* **PROVIDED ENTRIES**:
== Segment start ==
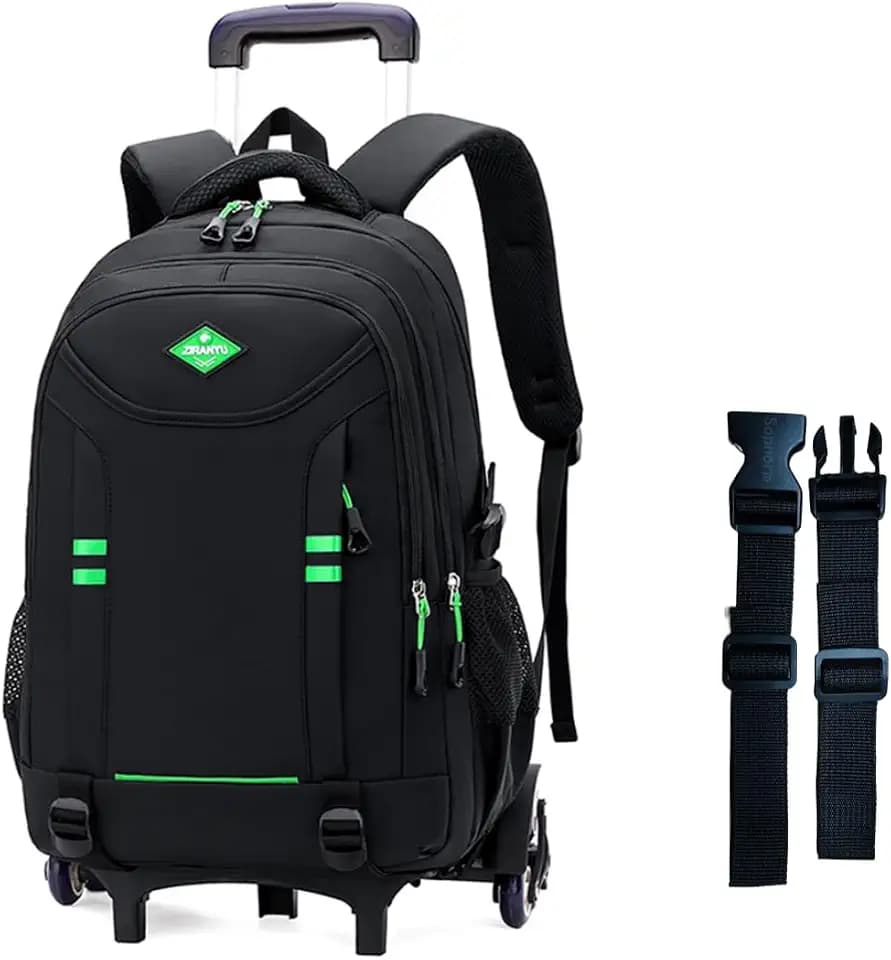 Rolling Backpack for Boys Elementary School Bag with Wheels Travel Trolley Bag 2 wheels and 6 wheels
== Segment end ==
== Segment start ==
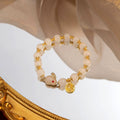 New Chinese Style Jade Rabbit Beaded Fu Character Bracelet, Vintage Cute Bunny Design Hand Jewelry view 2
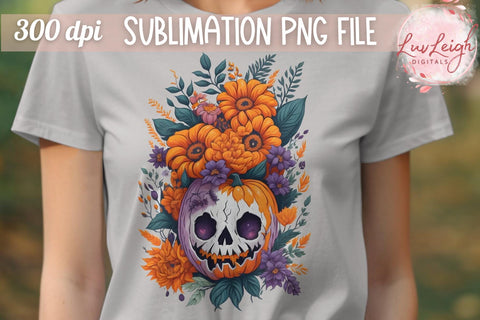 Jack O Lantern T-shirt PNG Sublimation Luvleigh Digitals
== Segment end ==
* **EXERCISE REQUIREMENTS**:
Above is the material; set down exactly its lines from the one containing "New Chinese Style" down to the one containing "Jack O Lantern", both included, leaving out any pictures.

* **YOUR SOLUTION**:
 New Chinese Style Jade Rabbit Beaded Fu Character Bracelet, Vintage Cute Bunny Design Hand Jewelry view 2
 Jack O Lantern T-shirt PNG Sublimation Luvleigh Digitals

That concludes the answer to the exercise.